だから、小説家の村上春樹が音楽について書くのを読むようになって、文章のひろがりと深さ、そして何よりも、文章における音楽的なリズムに心を揺り動かされてきた。
批評家としての文章ではなく、「生きる=書く=音楽」がひとつになっているような、そのような文章である。
村上春樹が書く、そんな音楽に関する文章を読んでいると、ぼくの心の奥の「何か」がひらいて、ぼくは音楽を聴きたくなってくるのだ。
ジャズ・ピアニストのセロニアス・モンクが、「あなたの弾く音はどうしてそんなに特別な響き方をするのですか?」と聞かれたときに、ピアノを指差しながら彼が応えた言葉を、村上春樹はあるところで、「小説を書きながら、よく思い出す」言葉として、書いている。
モンクがどう応えたかを、まずは想像してみてほしい。
モンクは、次のように応えたという。
「新しい音(note)なんてどこにもない。鍵盤を見てみなさい。すべての音はそこに既に並んでいる。でも君がある音にしっかり意味をこめれば、それは違った響き方をする。君がやるべきことは、本当に意味をこめた音を拾い上げることだ」
村上春樹「違う響きを求めて」『雑文集』新潮社
モンクの語る英語を、このように日本語訳をする村上春樹はさすがであるけれど、村上春樹は小説を書きながら、この言葉をよく思い出す。

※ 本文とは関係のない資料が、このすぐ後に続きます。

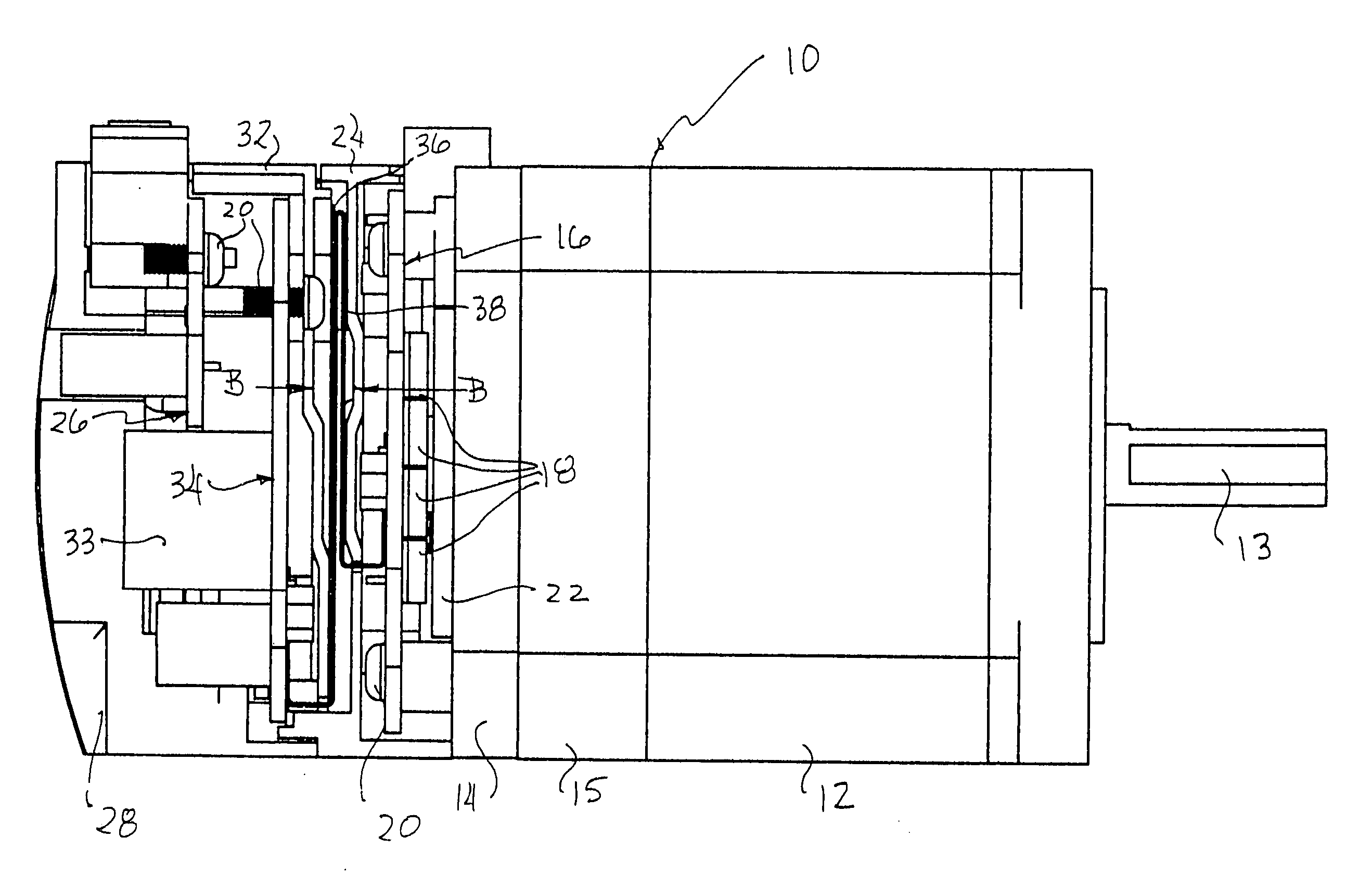 Integrated electric motor and drive, optimized for high-temperature operation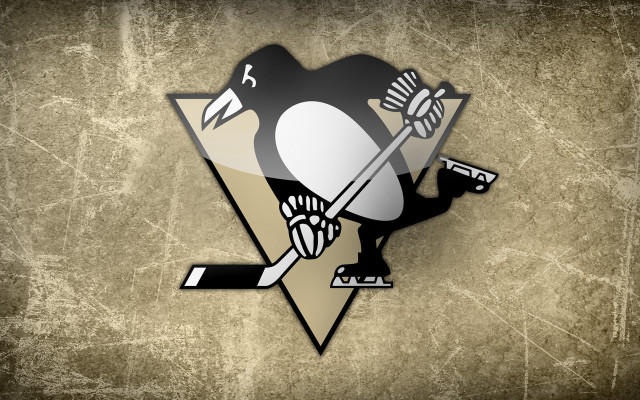 Penguin hockey stickers digital gritty free wallpaper for desktop - medium preview image
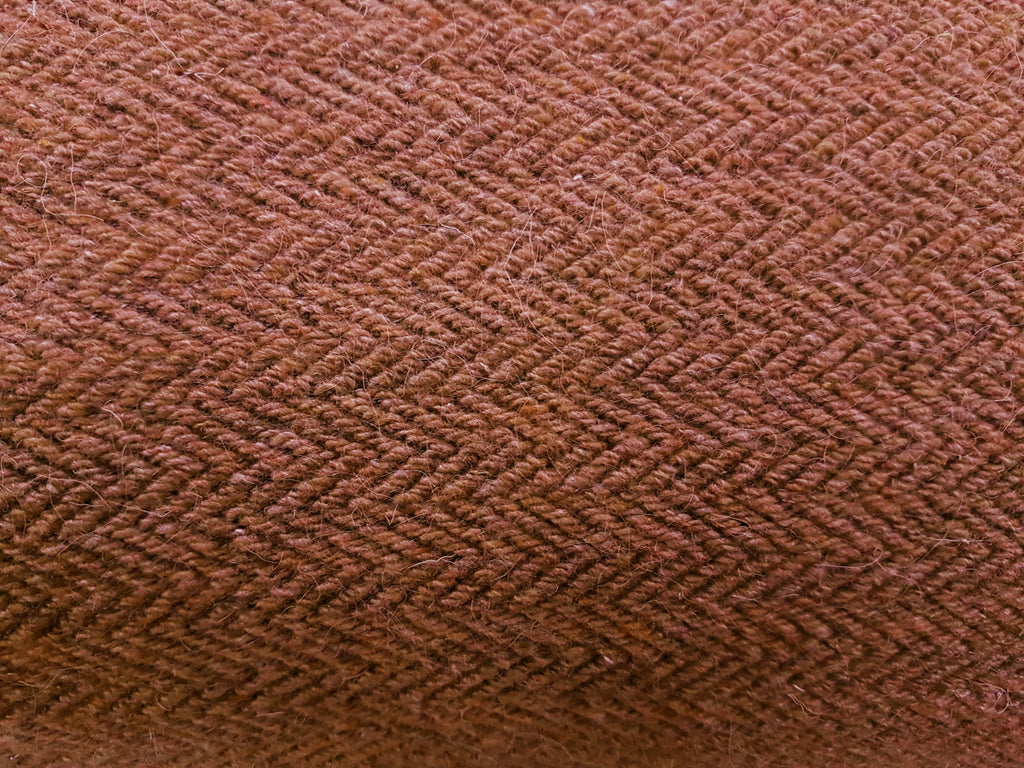 AW: Orange Zig-Zag Acrylic Wool - Rainbow Fabrics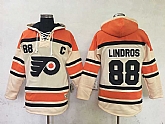 Philadelphia Flyers #88 Eric Lindros Cream Stitched NHL Hoodie,baseball caps,new era cap wholesale,wholesale hats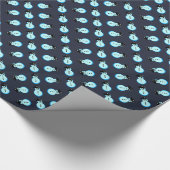 sneeuwpiraat. cadeaupapier (Hoek)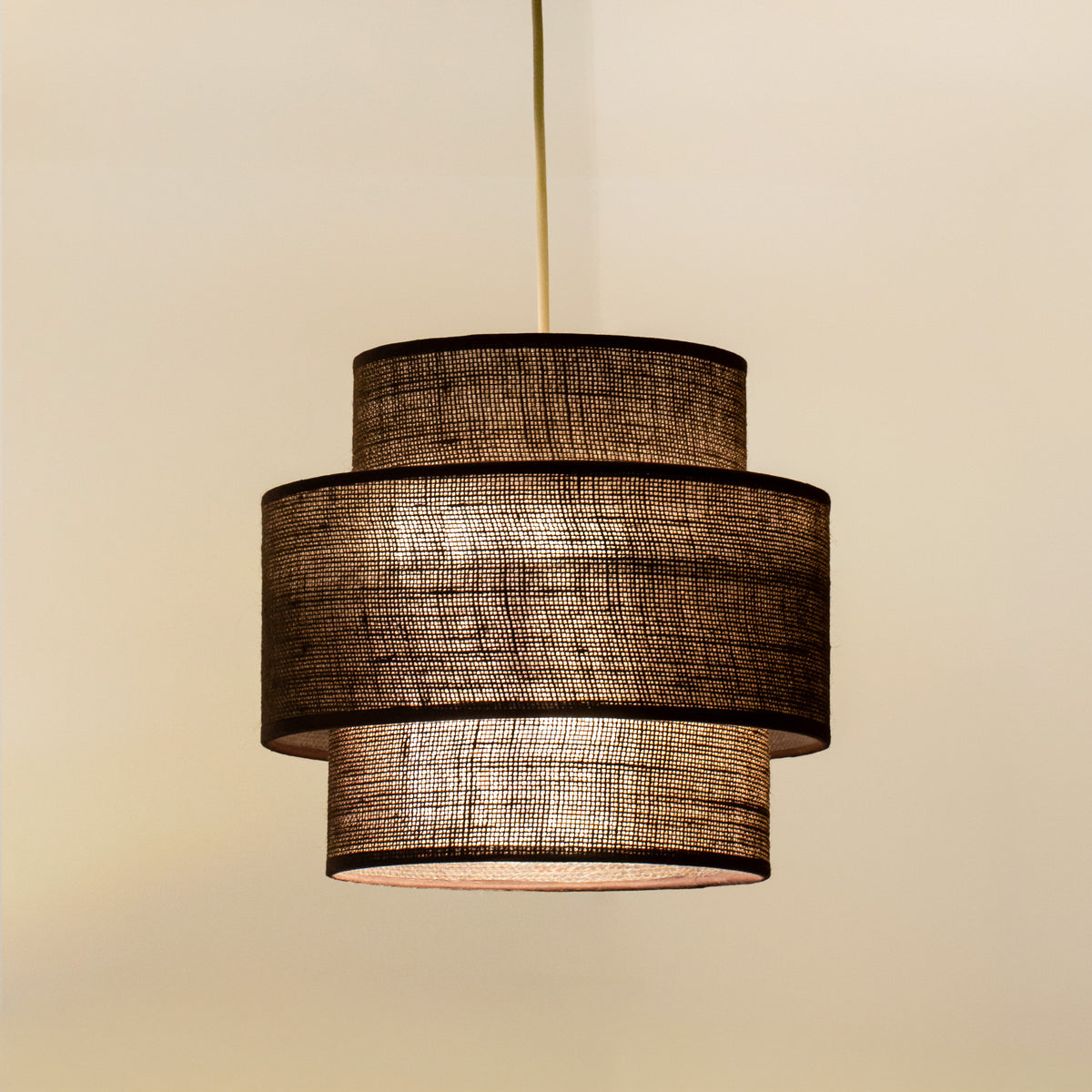 Lampa wisząca DUOLLA SPACE YUTE 752125 brązowy/n/a 1xE27 średn.25cm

村上春樹は、「音」から「言葉」のことへとスライドさせながら、つぎのように書く。
…そう、新しい言葉なんてどこにもありはしない。ごく当たり前の普通の言葉に、新しい意味や、特別な響きを賦与するのが我々の仕事なんだ、と。そう考えると僕は安心することができる。我々の前にはまだまだ広い未知の地平が広がっている。開拓を待っている肥沃な大地がそこにはあるのだ。
村上春樹「違う響きを求めて」『雑文集』新潮社
ぼくは、「音」から「言葉」、そして「言葉」から「生きる」ことそのものへと、ここで語られることの本質をさらにスライドさせて読む。
「生きる」ということそのものも、抽象度を上げて語れば、形としての「新しい生き方」なんてないのだ、と。
でも、じぶんの生き方に、新しい意味や特別な響きをあたえていくことが、ぼくたちの生きるということでもある。
ぼくたちは、それぞれが、<違った響き方>で、じぶんの生を奏でてゆく。
そのことが、自己実現(self-actualization)ということの、ひとつの側面を語っているように、ぼくは思う。